Key Note: A long-term measurement programme is required to assess the reliability of critical systems.
Name and Describe each Reliability Metric?
Probability of failure on demand (POFOD):
- Meaning: The probability that the system will fail when a request for service is made.
- Used when demands for service are intermittent and relatively infrequent.
- Appropriate for protection systems where services are demanded occasionally and where there are serious consequences in case of failure.
Rate of occurrence of failures/Mean time to failure (ROCOF/MTTF):
- Meaning: Reflects the rate of occurrence of failure in the system.
* ROCOF of 0.002 means 2 failures
are likely in each 1000 operational
time units e.g. 2 failures per 1000
hours of operation.
- Relevant for systems that process a large number of similar requests in a defined time period.
* E.g., Credit card processing system, Supermarket checkout system.
Mean Time to Failure (MTTF):
- Meaning: Measures the average length time a system can be expected to run without failure.
- Relevant for systems with long transactions i.e. where system processing takes a long time. e.g. conveyor belt
- MTTF should be longer than expected transaction length so that the system does not normally fail (recall meaning) during a session or transaction.
Availability:
- Meaning: Measure of the fraction
of the time that the system is
available for use.
- Takes repair and restart time into
account.
- Availability of 0.998 means
software is available for 998 out of
1000 time units.
- Relevant for non-stop,
continuously running systems:
* telephone switching systems,
railway signalling systems,
e-commerce systems, etc
What are the failure consequences?
When specifying reliability, it is not just the number of system failures that matter but the consequences of these failures.
Failures that have serious consequences are clearly more damaging than those where repair and recovery is straightforward.
In some cases, therefore, different reliability specifications for different types of failure may be defined.
What is meant by ‘over-specification’ of reliability?
Meaning: a high-level of reliability is specified but it is not cost-effective to achieve this.
How do we avoid this:
- Specify reliability requirements for different types of failure. Minor failures may be acceptable.
- Specify requirements for different services separately. Critical services should have the highest reliability requirements.

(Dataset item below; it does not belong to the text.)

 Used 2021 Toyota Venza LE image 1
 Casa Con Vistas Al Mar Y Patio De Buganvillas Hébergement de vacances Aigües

- Decide whether or not high reliability is really required or if dependability goals can be achieved in some other way.
Describe the steps to reliability specification?
Note: Different metrics may be used for different requirements.
What is meant by Functional reliability requirements?
Name each type of functional reliability requirement?
Meaning: specification for system and software functionality that avoids, detects and tolerates software faults.
3 Types:
Checking requirements:
- identify checks needed to ensure that incorrect data is detected before it leads to a failure.
Recovery requirements:
- Are geared to help the system recover after a failure has occurred.
Redundancy requirements:
- specify redundant features of the system to be included.
Process requirements:
- Are for reliability which specify the development process to be
used may also be included.
Summary of Topic (Reliability Specification)
Reliability requirements can be defined quantitatively. They include
probability of failure on demand (POFOD), rate of occurrence of failure (ROCOF) and availability (AVAIL).